(Beginning of Dataset content)

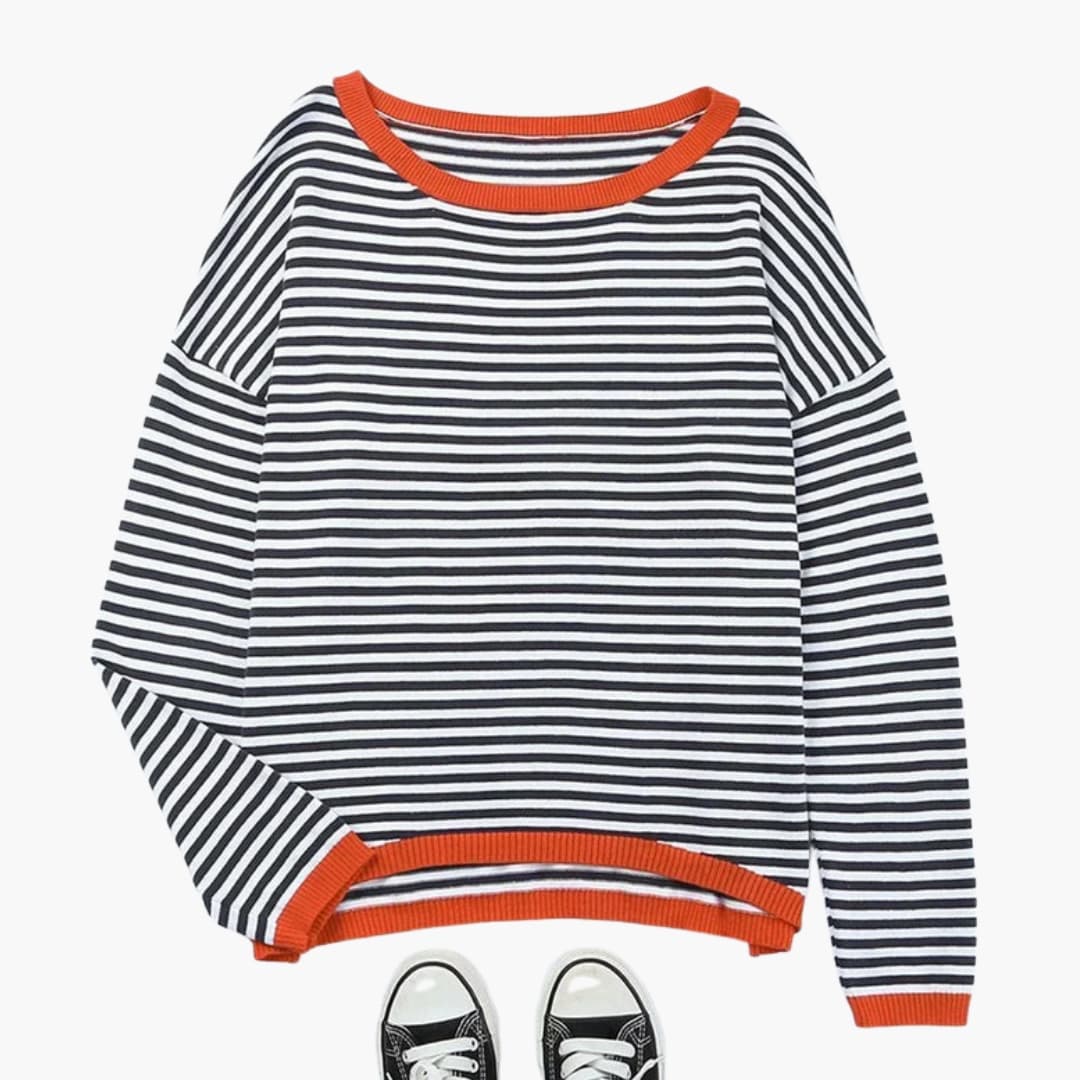 Pull Rayé Décontracté Femme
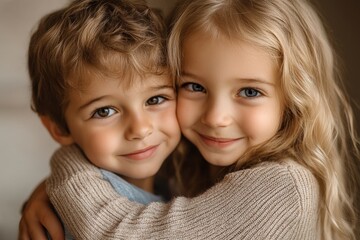 Children, brother and sister siblings kiss on cheek in family portrait with love and care. Kids, hug and smile together with support for boy and girl on an isolated, white background, Generative AI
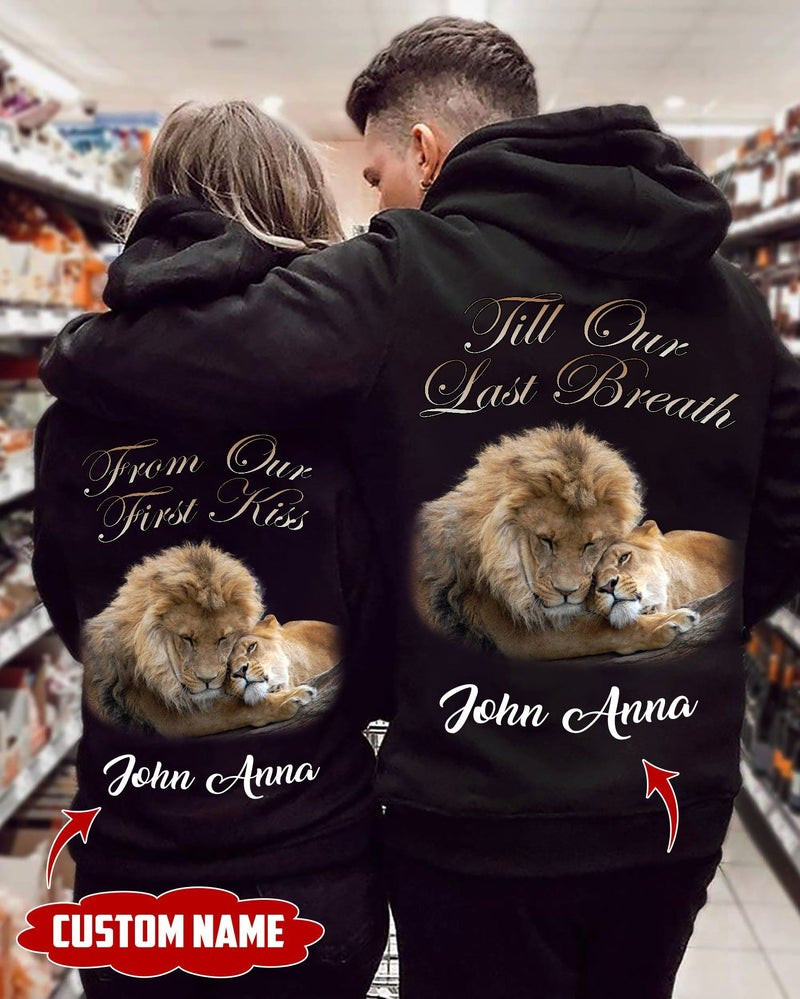 Personalized Till Our Last Breath Lion Couple Hoodie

(End of Dataset content)

Activity: Leave out the pictures and give the listing above again exactly.

Answer space:
 Pull Rayé Décontracté Femme
 Children, brother and sister siblings kiss on cheek in family portrait with love and care. Kids, hug and smile together with support for boy and girl on an isolated, white background, Generative AI
 Personalized Till Our Last Breath Lion Couple Hoodie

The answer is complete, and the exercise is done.